Grace and Faith

I find this to be a common request I ask of Jesus, Give me grace and grow my small faith.

I know I am young, but I believe I have had the privilege to experience a lot with God. I have learned so much and be exposed to a lot of different cultures and environments of worship.

 I don't say this to say I am somehow a better person or to be prideful, but really to say that I need Jesus more then ever. I need His grace more and more each day. I need His spirit to grow the small faith I have, because even though I have seen amazing things and God's faithfulness, I struggle.

 I have struggled with believing the truth at times and so I have doubted God's character. I have struggled to choose faith over anxiety and apathy. I have struggled with comparing my walk with God with others. My calling with others.  I have feared peoples opinions and expectations. I need Jesus.

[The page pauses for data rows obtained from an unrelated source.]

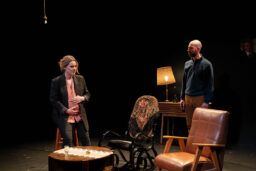 Le calme est revenu.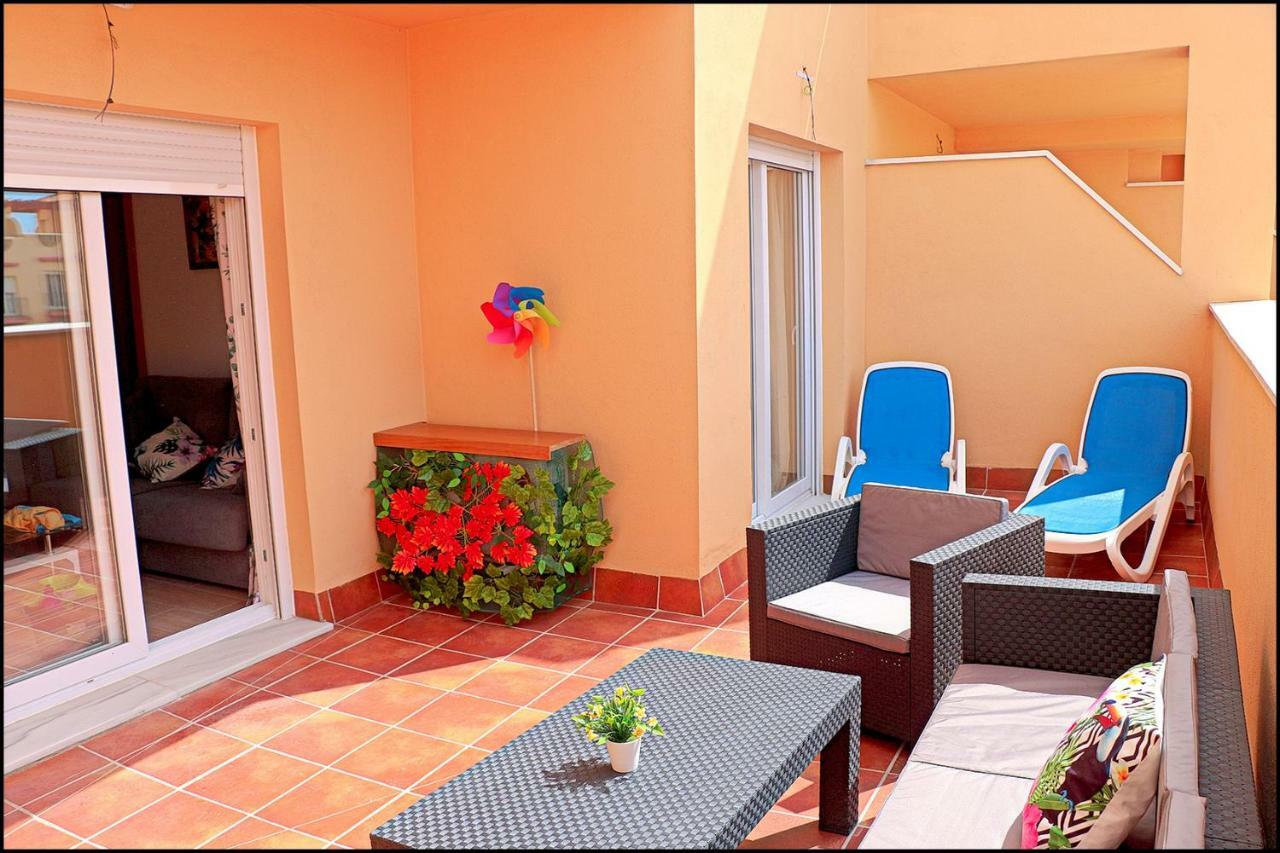 Apartamento Lances, Con Piscina Comunitaria Tarifa Exterior foto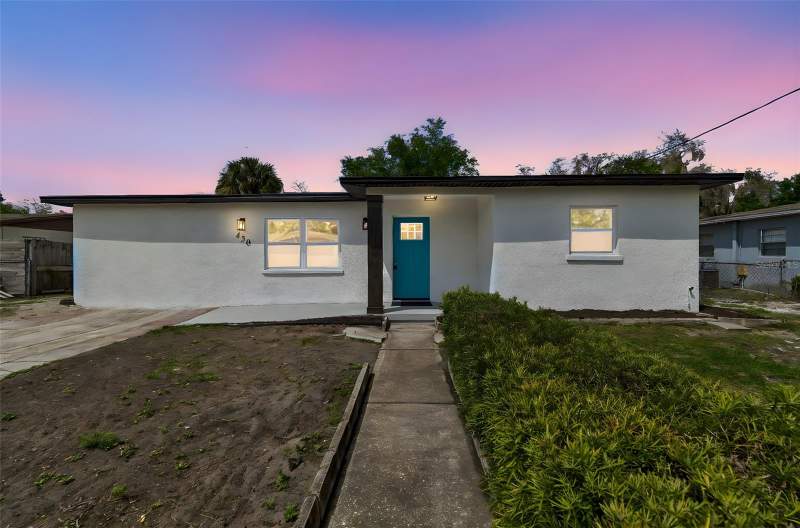 Sunset Heights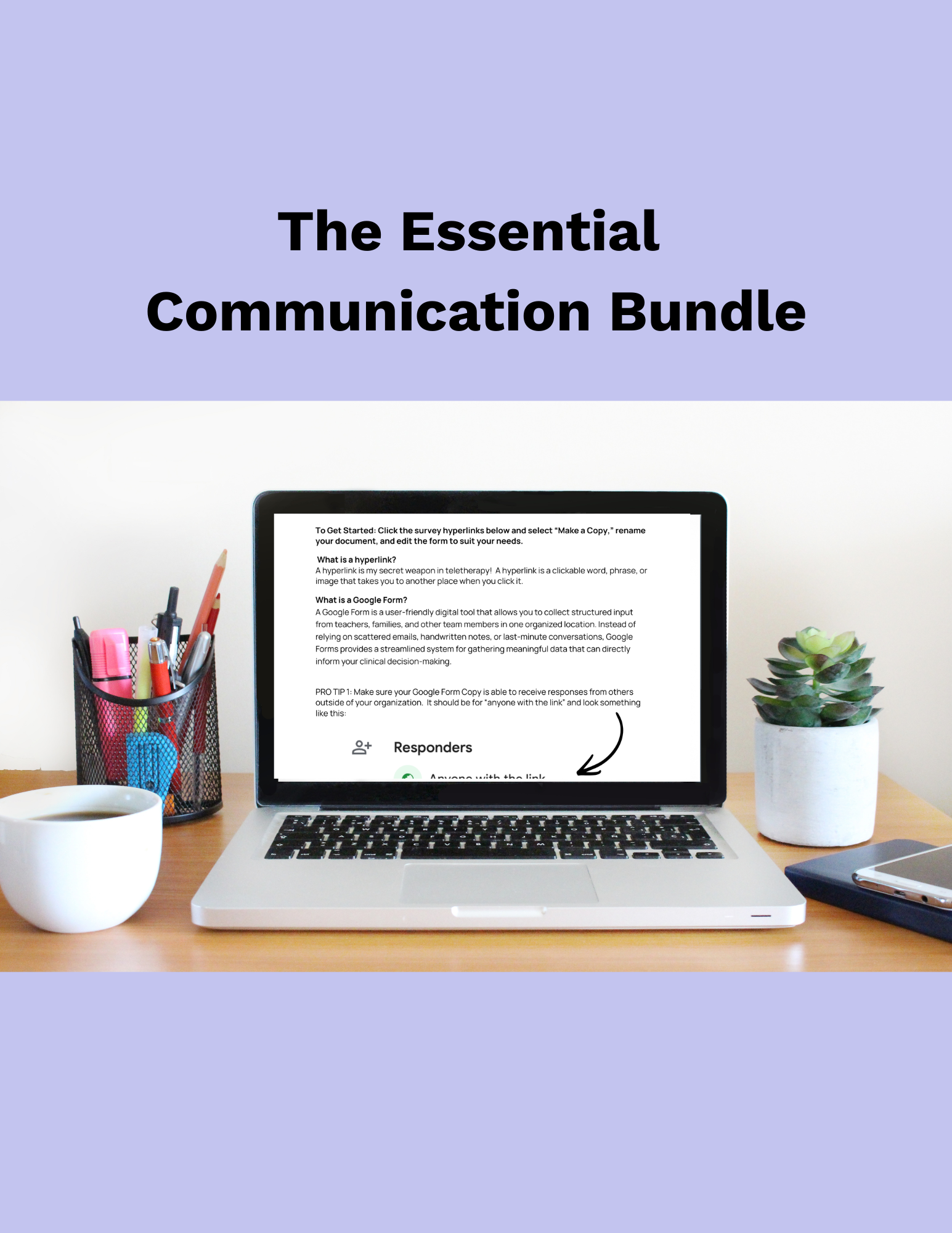 The Essential Communication Bundle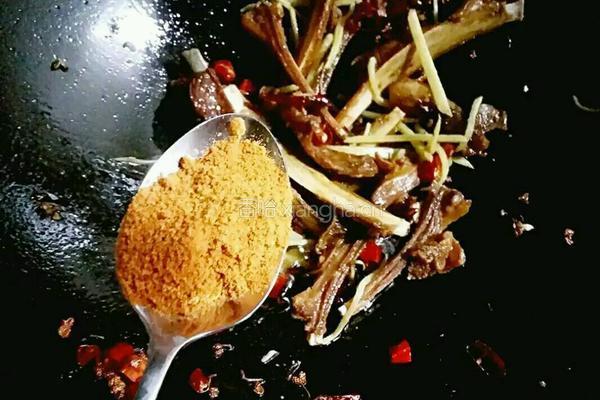 干煸手抓羊排（麻辣孜然味）的做法图解16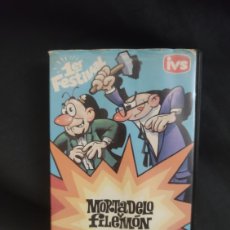 Cine: MORTADELO Y FILEMÓN (VHS)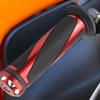 Motorcycle Hand Grips Anti Slip Hand Grips With Metal Sturdy Exquisite Motorcycle Hand Grips Case Protector For Electric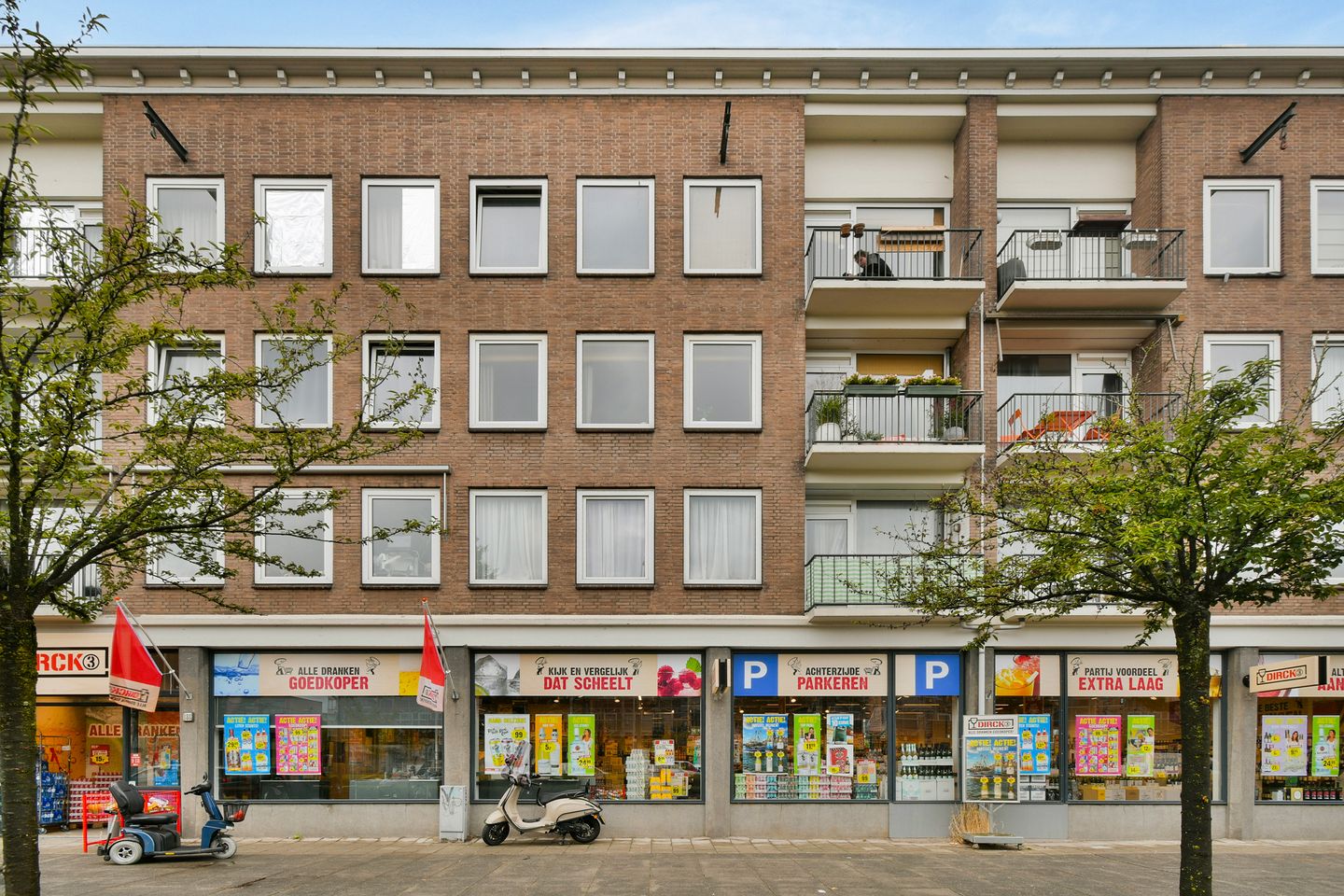 Foto 4 van Van Mourik Broekmanstraat 10-2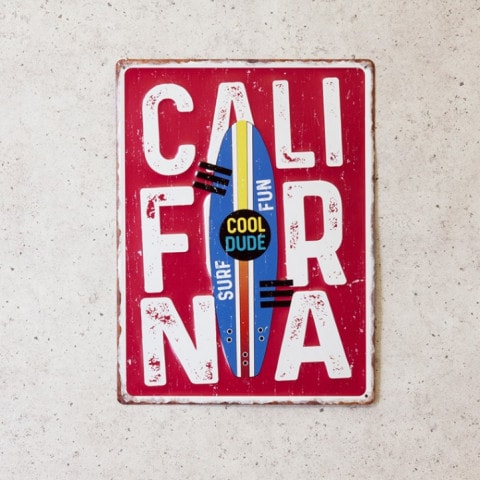 ����ƥ���������ܥ��ץ졼�ȡ�CALIFORNIA��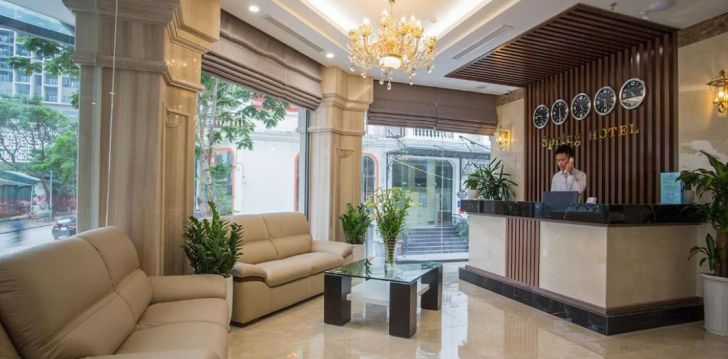 Puhkus Vietnamis, 4* hotellis SPRING HOTEL HANOI! 4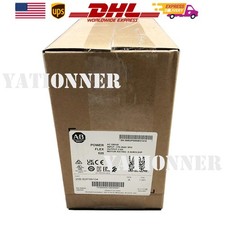 New Allen Bradley 25B-B2P5N104 PowerFlex 525 0.4kW (0.5Hp) AC Drive US Free Tax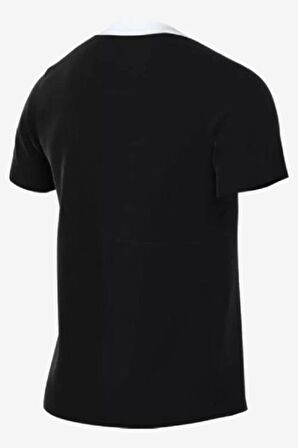 Nike M Nk Df Acdpr24 Ss Top K FD7592-010 Siyah Erkek Antrenman Tişörtü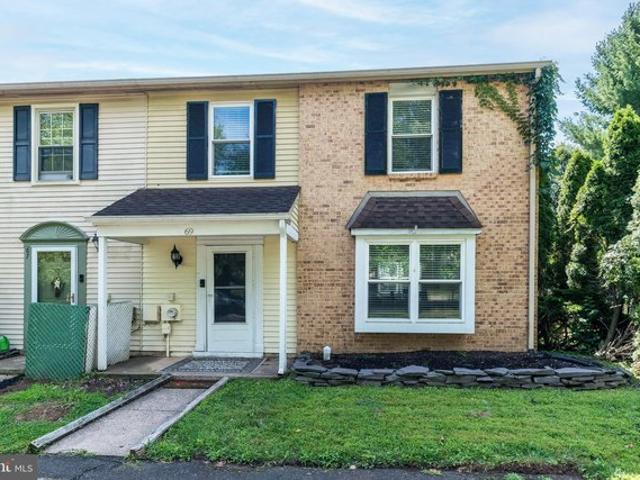 Townhouse for sale in Horsham, Pennsylvania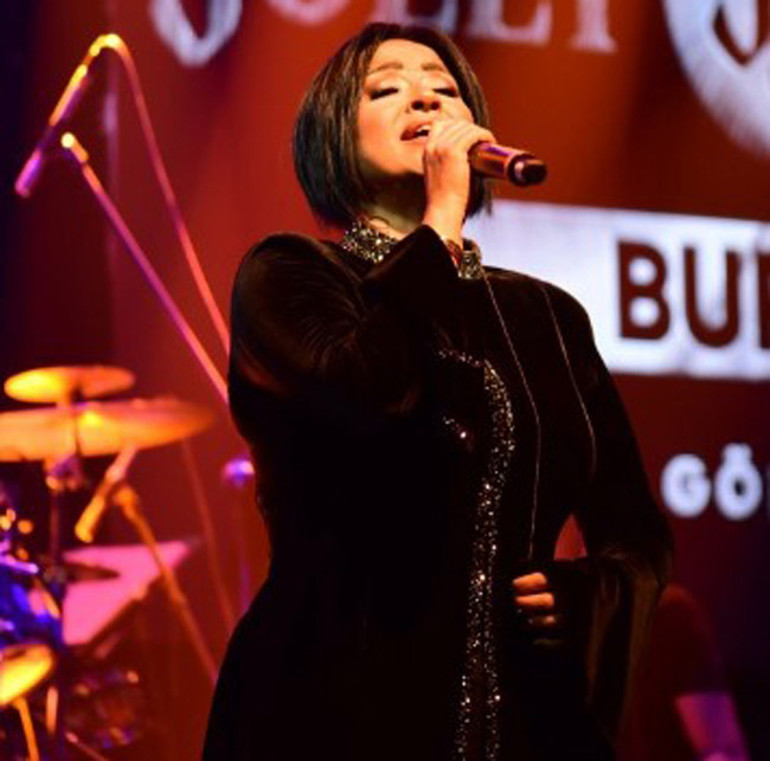 Caz ritimleri her yerde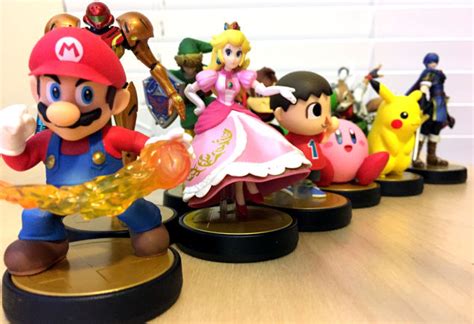 Smash Bros. Amiibo Tournament Is One Hell Of An Emotional ...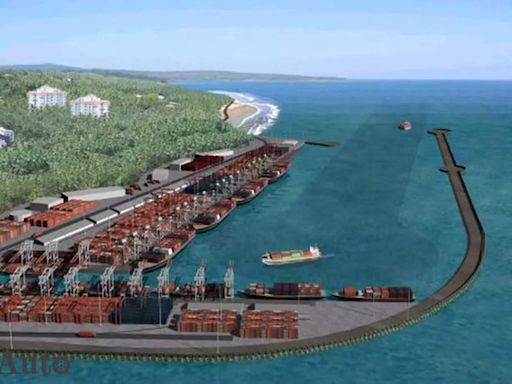 Vizinjham port will reduce time, logistics cost for Indian manufacturers: APSEZ CEO Karan Adani - ET Auto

However I don't want more of Jesus just so I can be a better person. I know now that that isn't the point. "better person". My expectations of better, and God's can be very different. I want to pick up God's grace and get some of this out of my life so that I can be closer to God, bring more glory to Him, and to be a resting place for the Holy Spirit. I want to be a light in the darkness and I breath of fresh air for the people around me because I walk with God. I want to speak God, act God, love God, be His vessel. So I need Grace. I can't do any of this without God. Death to self and may I live like Jesus, doing what my Father asks and delighting in Him forever.